Scientific name for Marlin

Makaira nigricans; M. mazara

Common name(s) for Marlin

Blue marlin, sailfish, spikefish, boohoo, agika prieta; Pacific blue marlin, kajiki

Market name

Marlin

Other language names for Marlin

  • French: Makaire bleu
  • German: Blauer Marlin
  • Italian: Marlin azzurro
  • Japanese: Makajiki
  • Spanish: Aguja azul

Introduction to Marlin

In Ernest Hemingway’s famous book The Old Man and the Sea, the Cuban fisherman’s target was a colossal blue marlin. Santiago’s marlin corpse measured 18 feet in length. While blue marlins are the biggest of the marlin species and are highly coveted by fishermen for their battling ability, the average size caught is 11 feet and weighs between 200 and 400 pounds. Pacific blue marlin (Makaira mazara) are often bigger than Atlantic blue marlin; ancient Hawaiians dreaded the ferocious fish, dubbed kajiki, since a punch from its hefty bill could easily sink a fishing canoe. The blue marlin is referred to as a blue-water fish due to the fact that it spends the most of its life at sea. It is distributed globally in temperate and tropical seas. Additionally, the popular gamefish is caught accidentally in gillnets. Commercial fishing boats from the United States are banned from acquiring blue marlin in the Atlantic, however Hawaii maintains a commercial longline fishery for the species. June through October are the busiest months for landings.

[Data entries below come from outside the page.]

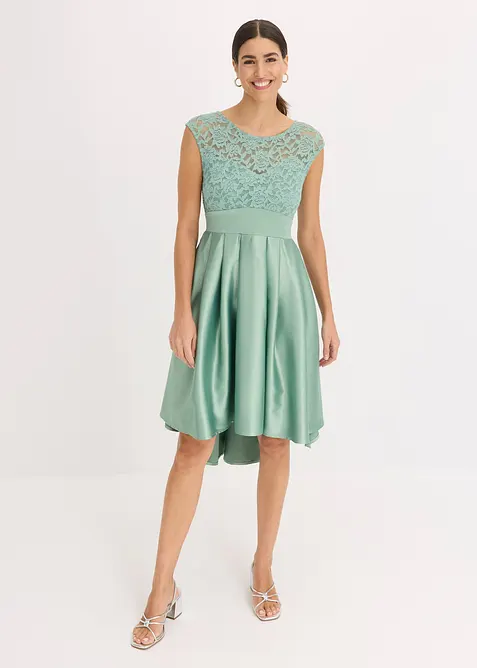 Kjole i glinsende sateng med blonder og lengre bakstykke, bonprix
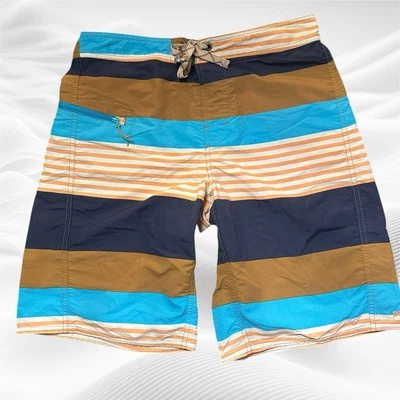 Pantalones Cortos PATAGONIA Para Hombres Wavefarer Ingeniería Fitz Rayas Marrón Azul 30X9 Foto 1 de 4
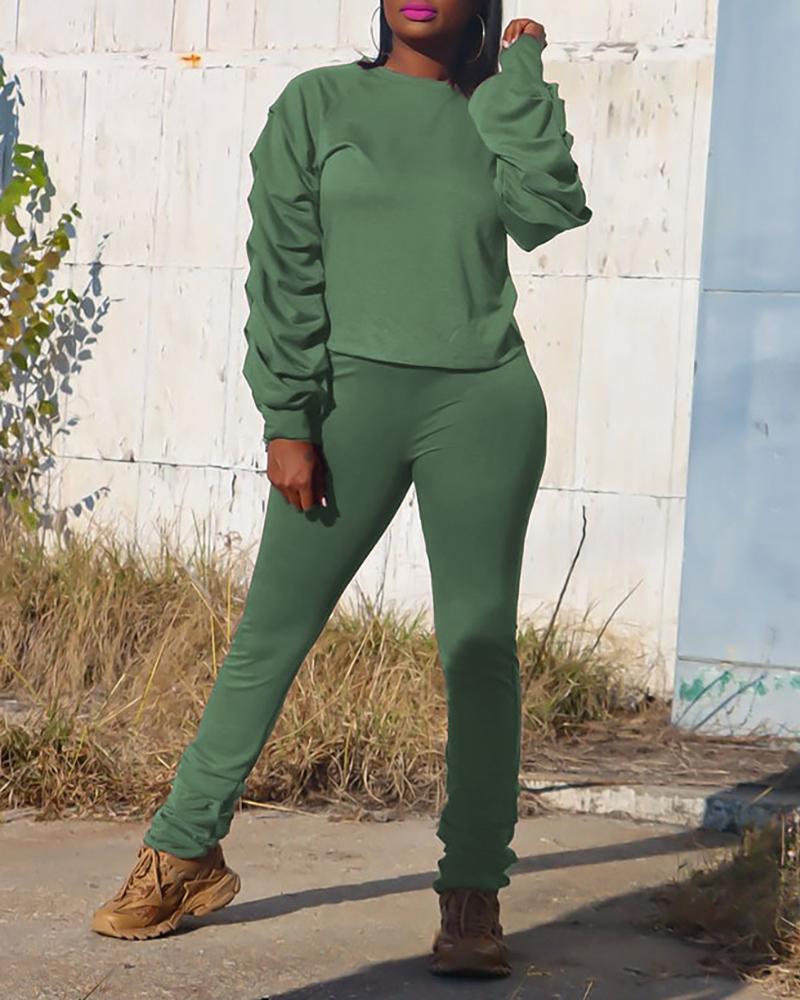 

Lantern Sleeve Ruched Top & High Waist Pants Set, Green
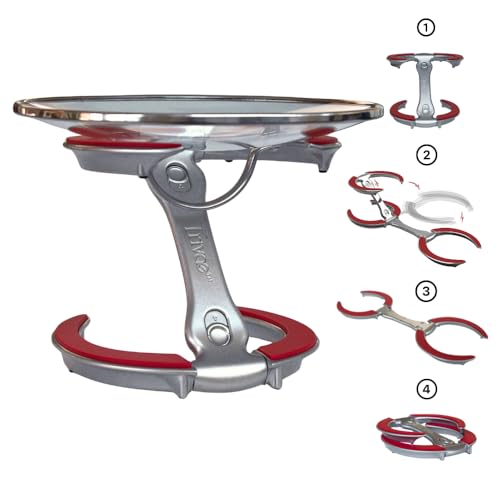 Trivae Pot Lid Holder – 4-in-1 Pot Lid Holder While Cooking, Pan Lid Holder, Trivet & Cake Stand – Versatile Kitchen Tool for Hot Pots, Serving & Display – Space-Saving, Heat-Resistant Stand - color: Flame Red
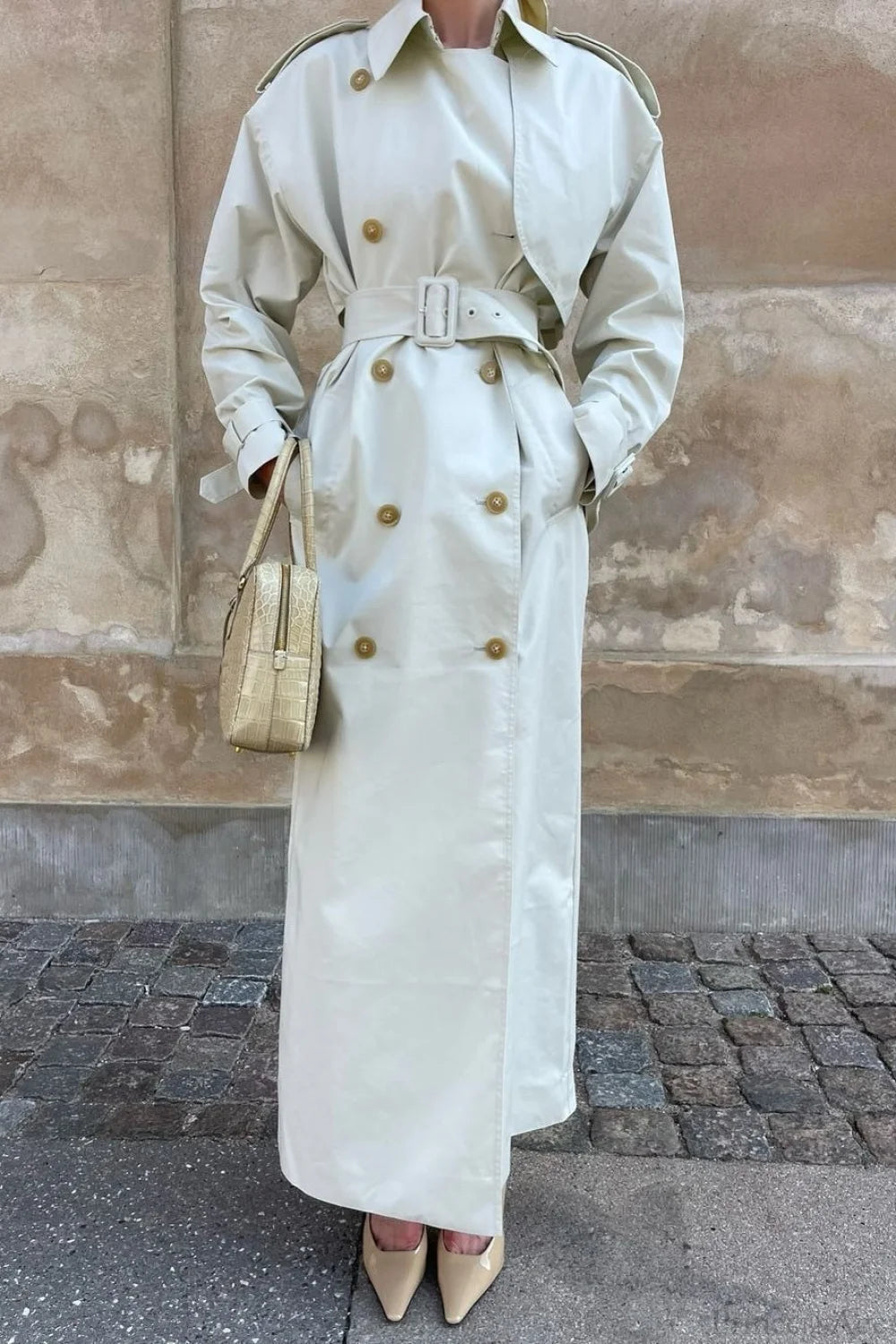 Wide Lapel Tie Waist Trench-inspired Overcoat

Product Profile for Marlin

The color of raw marlin flesh varies, although it is usually a pale golden-orange color. When cooked, it becomes off-white and is somewhat lighter than swordfish. Marlin has a solid, meaty texture and a deep, full taste, comparable to swordfish. Large marlin (150 pounds or more) have a lot of stiff, stringy connective tissue between the muscle layers, which may be avoided by buying lesser fish.

Nutrition for Marlin


Calories: 155
Fat Calories: 42
Total Fat: 4.7 g
Saturated Fat: 1.2 g
Cholesterol: 49.4 mg
Sodium: 115 mg
Protein: 25.9 g
Omega 3: N/A

Cooking tips for Marlin

Grilling or broiling marlin steaks is a simple, high-heat cooking method that works well. The rich flavor pairs well with simple spices like salt and pepper or a touch of lime, but it also stands up to bolder sauces, salsas, and strong herbs. Sashimi or seviche can be made using raw, high-quality marlin.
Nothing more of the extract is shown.